M. [S] [C], dirigeant de la société [14], s’est porté caution des engagements souscrits par cette société auprès de la [9] dans la limite de la somme de 870 500 €.

Cette société a fait l’objet d’un plan de cession le 21 juin 2010 puis d’une liquidation judiciaire le 21 mars 2011.

Par arrêt du 28 mars 2013, signifié le 25 avril 2013, la cour d’appel de céans a notamment condamné M. [S] [C] au paiement à la [9] la somme de 870 000€, avec intérêts au taux légal à compter du 05 janvier 2011.

Le 16 juillet 2013, la [9] a procédé aux formalités d’inscription d’hypothèque judiciaire définitive pour une somme de 881 059,04 € sur les biens appartenant aux époux.

Le 13 août 2013, la [9] a, par acte d’huissier, procédé à une dénonce de saisie attribution à M. [S] [C] pour une somme de 887 414,94 €.

Par acte d’huissier en date du 23 mars 2021, la [8] a assigné les époux [C] devant le tribunal judiciaire de Nice aux fins de licitation partage du bien indivis.

Par conclusions d’incident du 12 décembre 2022, les consorts [C] ont demandé au juge de la mise en état notamment de déclarer les demandes irrecevables et de radier l’inscription d’hypothèque judiciaire définitive du 16 juillet 2013.

Par ordonnance contradictoire du 21 février 2023, auquel il convient de se référer pour plus ample exposé des faits, de la procédure et des prétentions des parties, le juge de la mise en état du tribunal judiciaire de Nice a :

Déclaré recevables les demandes de la [8];

Débouté Monsieur [S] [C] et Madame [D] [V] de l’intégralité de leurs demandes ;

Débouté la [8] de sa demande tenant à ce qu’il soit jugé que ‘l’éventuelle absence de purge du délai pour former tierce opposition par Madame [D] [V] à l’encontre de l’arrêt rendu par la cour d’appel d’AlX-EN-PRO VENCE n’est pas de nature à entraver l’action initiée sur le fondement de l`article 815-17 alinéa 3 du Code civil”:

Condamné Monsieur [S] [C] et Madame [D] [V] aux dépens de la procédure d’incident;

Condamné Monsieur [S] [C] et Madame [D] [V] au paiement de la somme de 4.000 euros sur le fondement de l’article 700 du Code de procédure civile;

Renvoyé l’affaire à l’audience de mise en état du 12 septembre 2023 à 10h15 et enjoint au conseil de Monsieur [S] [C] et Madame [D] [V] de conclure avant cette date :

Rejeté le surplus des demandes.

Les parties n’ont pas justifié de la signification de cette décision.

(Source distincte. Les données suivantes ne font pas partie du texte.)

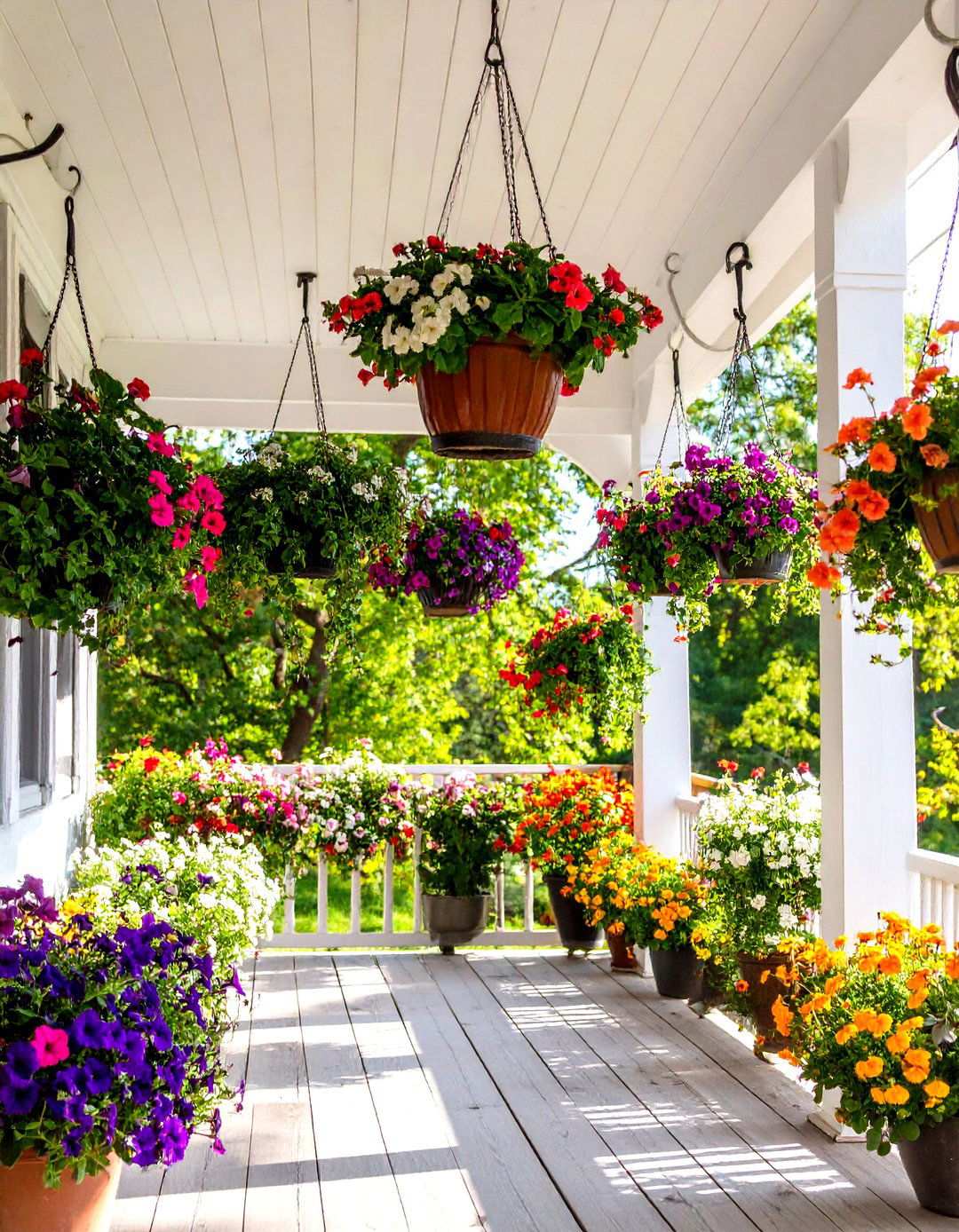 Victorian Porch with Hanging Baskets - 24 Victorian Porch Ideas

Par déclaration reçue le 09 mars 2023, les consorts [C] ont interjeté appel de cette décision.

La procédure concernant un appel contre une ordonnance de mise en état, l’affaire a, selon les dispositions de l’article 905 du code de procédure civile et par avis du 02 mai 2023, été fixée à bref délai à l’audience du 06 décembre 2023 et la clôture fixée au 08 novembre 2023.

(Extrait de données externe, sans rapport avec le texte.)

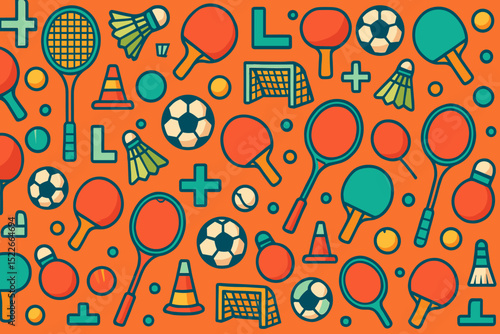 Colorful pattern of sports equipment including rackets, balls, and cones on a vibrant orange background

Dans le dernier état de leurs conclusions en réplique déposées par voie électronique le 04 octobre 2023, les appelants demandent à la cour de :

Vu l’article 779 du CPC,

Vu les articles 31 et 122 du CPC

Vu les articles 503, 582 et 586 du CPC,

Vu les articles 215 alinéa 3 et 1415 du Code Civil,

Concomitamment,

CONFIRMER l’ordonnance rendue le 21 février 2023 par le Juge de la mise en état du TJ de NICE en ce qu’elle a débouté la [8] de sa

demande tenant à ce qu’il soit jugé que « l’éventuelle absence de purge du délai pour former tierce opposition par Mme [V] à l’encontre de l’arrêt rendu par la Cour d’appel d’AIX EN PROVENCE n’est pas nature à entraver l’action initiée sur le fondement de l’article 815-17 alinéa 3 du Code Civil ».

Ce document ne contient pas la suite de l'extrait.